Die "geritzten" Steine (komischer Ausdruck  ::) ) hießen/heißen eigentlich Stollensteine. Nach den Stollen, welche in die Hufeisen der Pferde eingeschraubt wurden. Der Nachfolger der Stollensteine war das Kleinsteinpflaster, welches später auf den steileren Straßen verlegt wurde. Nach dem Ende der Pferdewagen (Ankerbrotpferde usw.) in den früheren 60er-Jahren verlor es diesen Sinn und wurde und wird hauptsächlich aus optischen Gründen oder wegen des höheren Fahrkomforts eingesetzt.




Das wurde Anfang der 1990er aus gestalterischen Gründen neu gelegt, obwohl damals bereits die Großflächenplatten Standard waren. Damals hat man gelegentlich noch auf die Optik geachtet.

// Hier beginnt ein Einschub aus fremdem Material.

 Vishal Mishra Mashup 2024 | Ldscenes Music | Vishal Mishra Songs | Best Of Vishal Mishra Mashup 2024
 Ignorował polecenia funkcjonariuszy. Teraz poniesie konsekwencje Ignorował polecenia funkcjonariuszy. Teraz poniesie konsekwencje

Da wurde sogar Grassamen ausgestreut, damit es zwischen den Steinen sprießt. Aber während eine Abteilung begrünte, setzte die andere Unkrautvernichtungsmittel und Graszupfer ein, weil das so ungepflegt aussah. Die Platten neben dem Gleis wurden gelegt, weil die (WiLi-)Lkws beim Befahren die Pflastersteine "herauspumpen" und sie dann ständig gerichtet werden müssen. Früher wurden die Steine (zumindest jene direkt neben den Schienen) mit Asphalt vergossen, damit sie vom Verkehr nicht herausgepumt und schräggestellt werden konnten, was dann zur Beschädigung der Bahnräumer der Straßenbahn führte. 
Niemand ist gezwungen meine Meinung zu teilen!